Ce score dit quelque chose d'essentiel que les résultats du vote parlementaire — 200 voix pour dans un Congrès acquis au RDPC — ne disent pas : il existe dans ce pays une opinion publique vaste, connectée et déterminée, qui refuse de se laisser marginaliser par la mécanique institutionnelle. 50 000 signatures en 24 heures, c'est 50 000 Camerounais qui ont pris le temps, en dehors de toute consigne partisane, de cliquer pour dire non.


Mais c'est la suite qui retient particulièrement l'attention de Jeune Afrique. La plateforme hébergeant la pétition a été attaquée par des hackers et est restée inaccessible pendant plusieurs heures. Une attaque dont les auteurs n'ont pas été officiellement identifiés, mais que le journal met en regard avec une formule lourde de sens : «Signe que rien ne pouvait entraver la volonté de Paul Biya ?»

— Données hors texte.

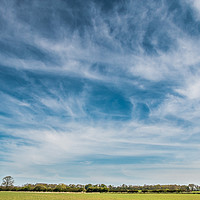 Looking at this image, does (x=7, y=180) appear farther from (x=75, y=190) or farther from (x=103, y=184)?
(x=103, y=184)

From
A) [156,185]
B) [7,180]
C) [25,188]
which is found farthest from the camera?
[156,185]

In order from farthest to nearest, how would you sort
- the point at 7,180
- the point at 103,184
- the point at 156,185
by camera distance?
1. the point at 156,185
2. the point at 103,184
3. the point at 7,180

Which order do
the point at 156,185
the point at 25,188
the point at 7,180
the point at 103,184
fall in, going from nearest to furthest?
the point at 25,188 → the point at 7,180 → the point at 103,184 → the point at 156,185

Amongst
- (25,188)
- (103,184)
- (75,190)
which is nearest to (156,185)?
(103,184)

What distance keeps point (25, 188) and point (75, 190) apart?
1249 inches

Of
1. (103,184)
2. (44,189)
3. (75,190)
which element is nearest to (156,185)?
(103,184)

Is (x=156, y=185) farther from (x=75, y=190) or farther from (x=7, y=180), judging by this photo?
(x=7, y=180)

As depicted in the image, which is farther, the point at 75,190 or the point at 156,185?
the point at 156,185

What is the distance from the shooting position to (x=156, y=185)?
7800 inches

Jeune Afrique ne désigne pas de coupable — ce n'est pas son rôle. Mais en posant la question de cette manière, dans ce contexte précis, le journal pointe une réalité que tout le monde perçoit : une pétition qui recueille 50 000 signatures en 24 heures et qui se retrouve hackée quelques heures après son lancement, dans un pays où les outils numériques de l'opposition sont régulièrement ciblés, n'est pas une coïncidence que l'on peut balayer d'un revers de main.
Ce piratage a, paradoxalement, produit l'effet inverse de celui recherché. Jeune Afrique le note implicitement : au lieu d'étouffer la mobilisation, l'attaque l'a amplifiée, transformant une pétition en symbole de résistance et offrant à Kamto la meilleure des publicités. Les Camerounais qui n'avaient pas encore signé ont afflué par solidarité, indignés par cette tentative d'étouffement numérique.

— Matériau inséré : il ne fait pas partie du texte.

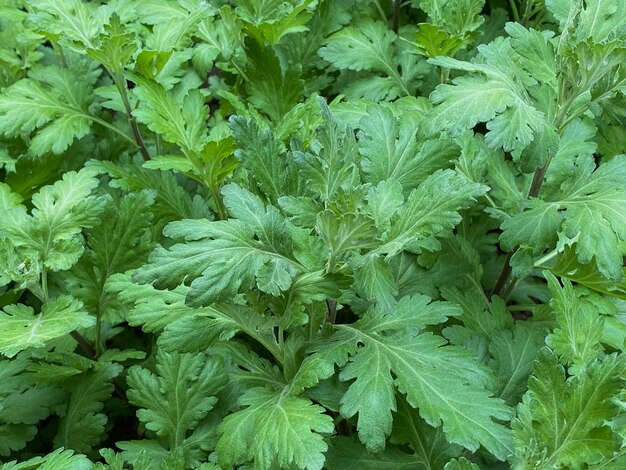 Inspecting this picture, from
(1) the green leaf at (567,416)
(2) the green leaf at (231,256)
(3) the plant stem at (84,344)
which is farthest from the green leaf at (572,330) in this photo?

L'opposition dans tous ses états : du SDF au PCRN, les propositions rejetées
Jeune Afrique documente également avec précision les tentatives de l'opposition d'influer sur le contenu de la réforme depuis l'intérieur du Congrès. Joshua Osih, leader du SDF, a remis sur la table la vieille proposition de son parti d'un ticket présidentiel élu composé d'un représentant de l'ancien Cameroun occidental et d'un représentant de l'ancien Cameroun oriental — une formule qui aurait consacré constitutionnellement la dualité linguistique du pays.
Cabral Libii, du PCRN, a quant à lui présenté un mémorandum d'amendement disant «non à un poste de Vice-Président dont le mandat ne sera pas reçu du peuple camerounais», tout en proposant une limitation stricte du mandat présidentiel à sept ans renouvelable une fois. Deux propositions ambitieuses, deux rejets sans appel. Dans un Congrès verrouillé par le RDPC, l'opposition ne pouvait que parler pour l'histoire.

Peut-être la confidence la plus révélatrice de toute cette séquence est-elle celle que Jeune Afrique a recueillie auprès d'un député anonyme du RDPC, qui résume à lui seul l'état d'esprit de la majorité face à cette réforme : «Voilà des années qu'en interne comme en externe on se pose des questions sur l'après-Biya. Le président les a entendues et y a apporté une réponse. Cela ne résout peut-être pas tous les problèmes, mais au moins cela éclaire plusieurs zones d'ombre.»

Une phrase d'une lucidité désarmante, qui dit en creux ce que les discours officiels évitent soigneusement : tout le monde, au sein même du RDPC, savait que la question de la succession était urgente. Et que cette révision constitutionnelle, aussi précipitée et contestée soit-elle, est avant tout la réponse d'un homme de 92 ans à la question que tout son camp n'osait plus formuler à voix haute.

Le Cameroun a son Vice-Président en devenir. Il lui reste à apprendre son nom.